Our seventh and eighth lambs arrived earlier today, courtesy of one of Maybelle's daughters:
Both are males, and both are doing nicely so far.
I don't think we ever settled on a name for this mother ewe. By tradition, she needed "belle" as part of her name, but we never came agreement beyond that. It's her second lambing, and she's looking to be as prolific as her mother.
Five ewes have delivered, meaning our lambing percentage is at 160% so far this year; 150% is the standard we like to shoot for, so we're doing well. Two more ewes have yet to deliver, not counting Dot (who turns twelve on April 21st of this year). We're not counting on the old girl to lamb this year...but who knows?
2 comments:
How about "Cowbelle"? Everyone always needs more cowbell! (Saturday Night Live, anyone???)
Very nice lambs. Do you slaughter ewe lambs or do you breed them all? We got 2 ewe lambs from our 2 breeders this year. We don't have grass to overwinter more breeders so we'll have to slaughter 2 ewes (one is already picked for her skiddish nature), but I think rams, for whatever reason, are certainly easier on the heart to slaughter.
I like "Cowbelle," and will float it with Mrs. Yeoman Farmer.

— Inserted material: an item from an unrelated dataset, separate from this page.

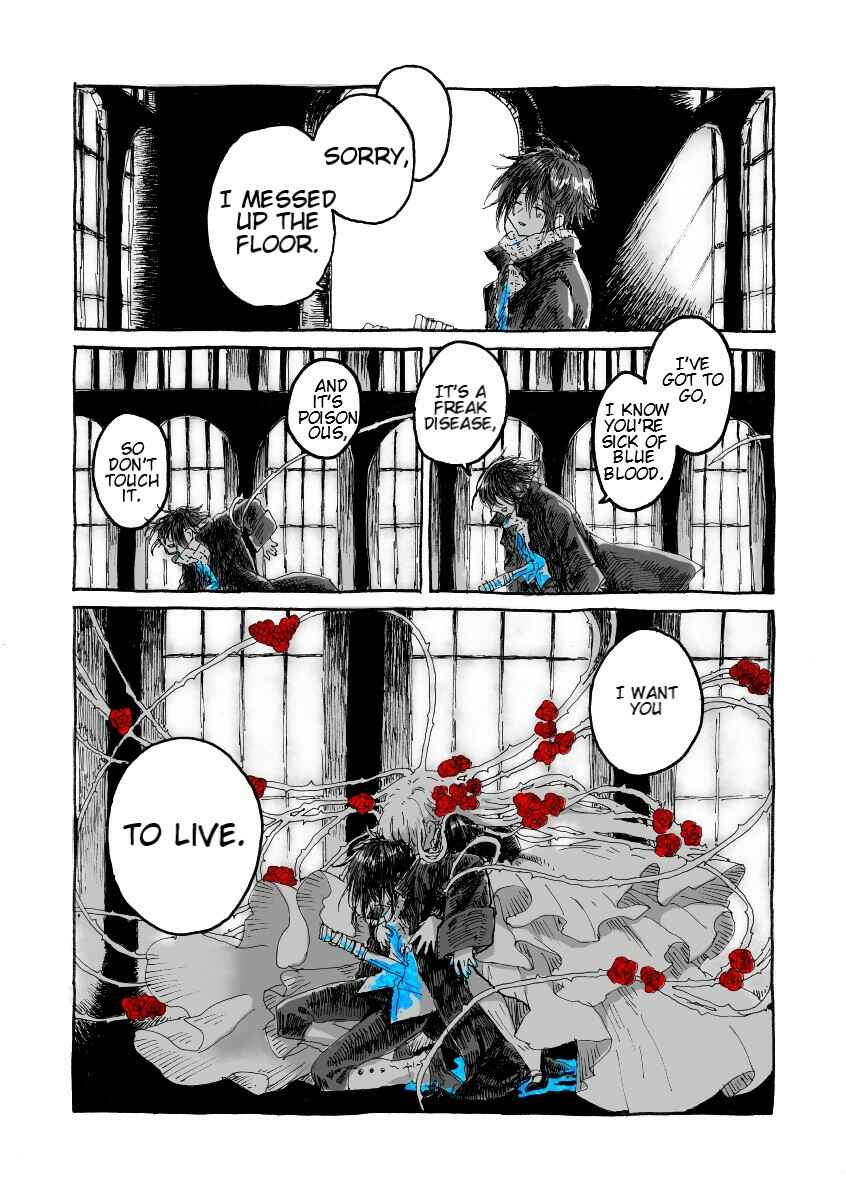 Page 30 Chapter 1 The Rose Princess and the Traveller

We used to keep all our ewe lambs, when we were building the flock, but have become more selective in recent years. The flock is about as big as our property can comfortably handle, and we've had difficulty separating breeding rams (i.e. parentage of new lambs is getting unclear, and there is definitely some in-breeding). So, we've lately been keeping the very nicest ewe lambs as replacement breeders but butchering the rest.